Viewing cable 02LAGOS146

02LAGOS1462002-12-07 11:46:00 2011-08-30 01:44:00 CONFIDENTIAL Consulate Lagos
This record is a partial extract of the original cable. The full text of the original cable is not available.
C O N F I D E N T I A L SECTION 01 OF 04 LAGOS 000146 
E.O. 12958: DECL: 01/16/2008 
REF: FBIS 071146Z DEC 02 
D (D). 
¶1. (C) Summary.  While electoral divisions are under growing 
media scrutiny, most southern political analysts privately 
acknowledge that fears of imminent secessionism are unfounded 
at present. Though some disgruntled groups demand the 
creation of their own state within the federation, most do 
not call for complete severance.  Issues reinforcing 
political cohesion in the South include momentum towards a 
national conference, interest over upcoming elections, 
potential spoils of oil revenue, and the ICJ ruling on 
Bakassi.  End summary. 
¶2. (U) The latest secessionist threat was declared on 
December 20, 2002 by Lagos-based lawyer Festus Keyamo, who 
announced the creation of an "Unarmed Revolutionary Council" 
to govern the "Future Republic of the Niger-Delta," complete 
with flag, national anthem, and coat of arms.  According to 
press reports, Keyamo warned that the "future republic" would 
emerge if Nigeria failed to convene a national congress, 
engage "true fiscal and political federalism," and enact the 
on-shore/off-shore abrogation bill.  Keyamo hoped the 
announcement would "raise the consciousness" of the 
South-South's oil-producing states.  The movement's slogan is 
"This is a revolution, and it must succeed."  (Comment. 
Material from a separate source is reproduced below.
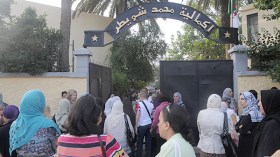 تمديد العطلة قرار سلال.. والاستماع إلى أبنائنا أسلوب حضاري!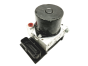 Pompe Abs VW Seat Skoda 6Q0614117S 0265800511 Bosch 36642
Readers might take note that at the beginning of 2002, Keyamo 
was in the press because of his defense of the first person 
detained for Bola Ige's murder.  The episode became quite 
sordid as the defendant recanted then readmitted the crime. 
Keyamo's brother implicated him in a fraud.  All the while, 
Keyamo was an eager interviewee before any journalist he 
could find, reveling in the attention.  End comment.) 
¶3. (U) Other well-known southern groups with secessionist 
tendencies or platforms include the Movement for the 
Sovereign State for Biafra (MASSOB), the Ijaw Youth Congress 
(IYC), the Egbesu Supreme Council, and the Coalition of Oodua 
Self-determine Groups (COSEG), which consists of the Oodua 
Peoples Congress (OPC), Oodua Liberation Movement (OLM), 
Oodua Youth Movement (OYM), Yoruba Revolutionary Movement 
(YOREM), and the Federation of Yoruba Consciousness and 
Culture (FYCC).  These groups held a joint press conference 
in September to decry the voter registration exercise, which 
they charged was "tailored to favor the Hausa/Fulani North." 
They publicly called for a UN plebiscite to determine 
Nigeria's future, including the right to ethnic 
self-determination and secession from the Federation.  The 
groups pledged to "fight together for each nationality to be 
independent and build her own sovereign state, as an 
independent member of the United Nations."  (Comment. 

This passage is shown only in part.